Going from having all your meals pre-made by parents and dining hall staff to having to cook for yourself definitely isn’t easy, but it’s not quite as hard as it seems at first. Plus, cooking actual meals for yourself rather than ordering take-out of buying frozen dinners has quite a few benefits–it’s often much healthier, it’s definitely cheaper, and knowing your way around the kitchen is a great way to impress people (plus, its a super attractive quality). Here are few easy tips and suggestions to help you get familiar with your kitchen and start your journey toward becoming an honest-to-goodness adult.
Make your own vegetable stock.
When I started doing this, it was one part because I felt wasteful throwing out vegetable scraps, and one part because I’m really cheap, and didn’t want to have to keep buying stock from the store. As it turns out, Making your own veggie stock is both super easy, and really impressive whenever someone learns that you’re doing it.
There are plenty of actual recipes for veggie stock online, but I really never bothered with them. My steps are as follows:
Whenever you chop any vegetables, take the odds and ends you would have thrown out, and toss them in a Ziploc bag in the freezer.
This includes things like: onion and garlic peels, ends from celery or squash, mushroom stems, carrot peels, sweet potato skins, corn cobs and husks, etc. I even like to add ginger peels, stems from any fresh herbs I use, and dried red peppers after I’ve used them to spice up a dish.
This does not include: anything moldy, rotten, or gross in any other way. As many stock websites will tell you, there’s a huge difference between things that you probably would not want to eat (see above), and things that you straight-up should not eat. Also, note that most websites will tell you not to put anything cruciferous in because they make your stock bitter, but I haven’t had that problem, so use at your own discretion.
Once your bag is full, dump it out into a stock pot (or a slow cooker if you have one!), fill with water until the veggies are all covered, and then let it simmer at a real low heat for an hour or two. When it’s finished (which is pretty much whenever you decide it is), strain your stock over a fine strainer or cheesecloth, and then freeze it until you’re ready to use it. I use my stock to make rice, beans, and soup, and it’s quite tasty!
Pro Tip: When you buy a rotisserie chicken, save the scraps and bones and simmer with some carrots, onions, celery, parsnip, whatever you find in the fridge, and then strain for a home-made chicken stock.

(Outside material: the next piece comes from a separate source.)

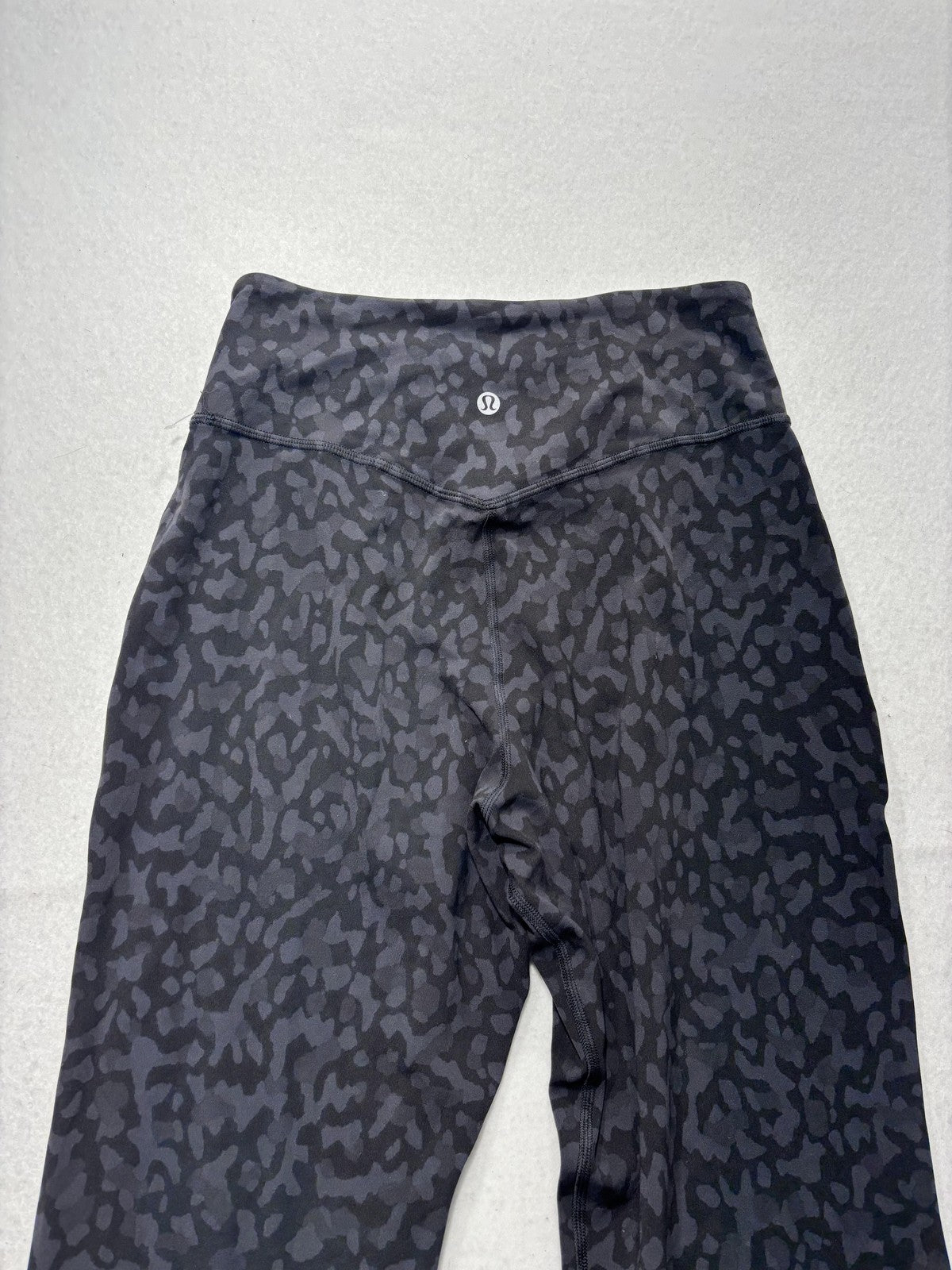 Lululemon Jogger Pants Womens 6 Gray Camo High Rise 27.5" Inseam Ankle Pockets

Get the big cutting board.
When I was preparing to move to my first apartment, my mom grabbed me a little plastic cutting board from Walmart and said, “Is this size okay?” Sure, I thought, that looks good to me.

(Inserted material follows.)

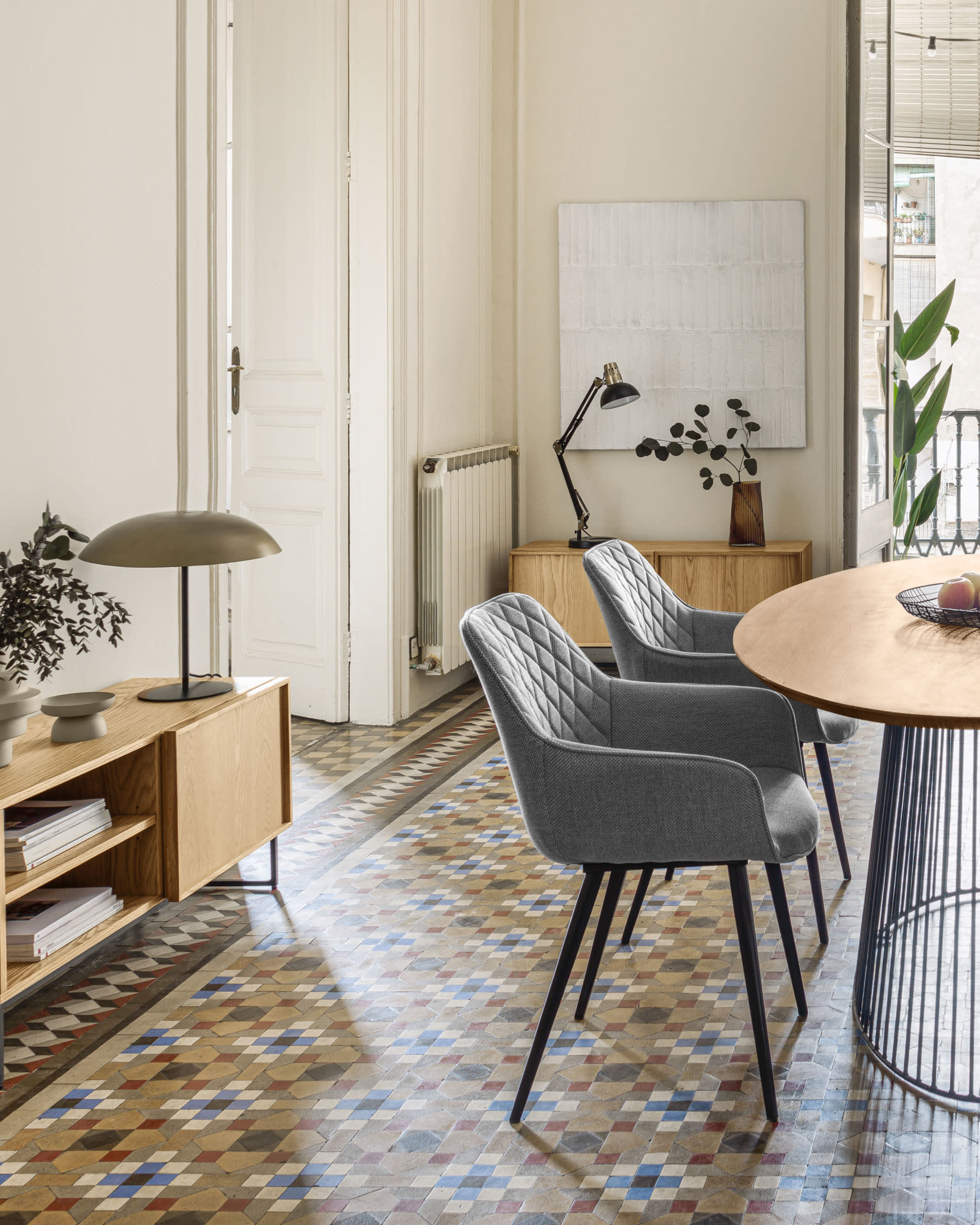 Eleganter TV-Schrank aus Eichenfurnier mit schwarzem Stahlgestell, bietet stilvollen Stauraum und modernen Industrie-Look.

Six months later, I couldn’t stand the tiny little thing any more, and I bought myself a great big cutting board from IKEA. (If you don’t have IKEA nearby, check out this 18″*14″ bamboo beauty from Amazon for $22.)

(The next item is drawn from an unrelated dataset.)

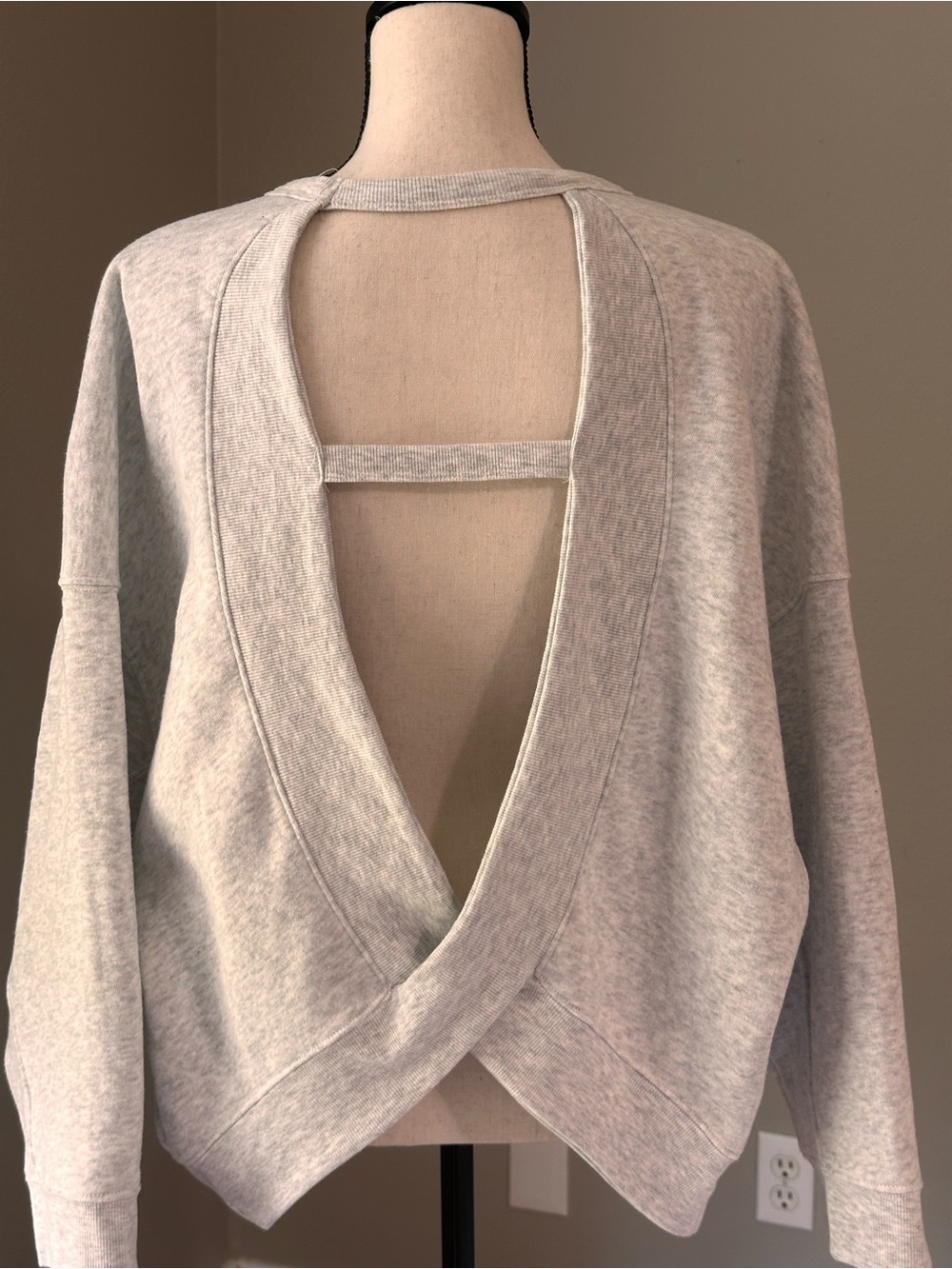 Ocean Drive Light Gray Crewneck Granola Open Back Sexy Yoga Sweater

It’s not like I even use my cutting board all that much, but when I do, trust me, this is a situation where size matters. When your cutting board is tiny, there’s just so much higher of a chance that things will end up all over the floor and the counter. It’s wasteful, it’s messy, it’s a pain in the butt, and it ensures that you’re a lot less likely to be excited about using your kitchen. Sure, a big cutting board takes up more space and it costs a couple dollars extra, but the convenience more than makes up for any downsides. If you get it from IKEA, you won’t spend nearly as much as you would somewhere else (I think mine was about $10), and it’s totally possible to get a satisfyingly big cutting board without getting into unwieldy and enormous territory. (Before I bought it, I made sure mine fit in my dishwasher, haha).
Pro Tip: If your cutting board is wood, do not put in the dishwasher! Also, store your board on its side, so it takes little room.
Learn to love your freezer.
When it comes to cooking actual meals for myself that have some kind of health benefit (Kraft mac-n-cheese, I’m looking at you…), my freezer has become my best friend. Sure, I keep a couple frozen pizzas in there, but the majority of my freezer space in taken up by Tupperware containers filled to the brim with chopped veggies. I’m horrendously lazy, so when it comes to meal prep, I’ll do anything I can to speed along the process, and one of the best tricks I’ve found is to chop a huge amount of fresh veggies every week or too, and then keep them frozen. I suppose you could technically keep all the different types of veggies in their own containers, but honestly, I find it works to just toss them all in a great big tub and mix them up. This way I don’t have to worry about deciding which veggies I want with each meal; what I get is what I get, and there’s variety in every meal.
Want to make a quesadilla? Hack out a handful of pre-chopped veggies and toss them in the pan. Making rice? Chuck some veggies in a pan and you’ve got a stir-fry. Having ramen and feeling guilty about being unhealthy? Boil some veggies with the noodles, and ta-da! a healthy pasta dish.
Seriously, keeping things frozen and ready for use is the best tip I can give to any lazy chef. Two minutes in the microwave to thaw it out, and then you’re ready to create a real meal with little-to-no effort.
Pro Tip: Buy a bunch of glass storage containers in various sizes for your veges. They are healthier to use both for storing and microwaving.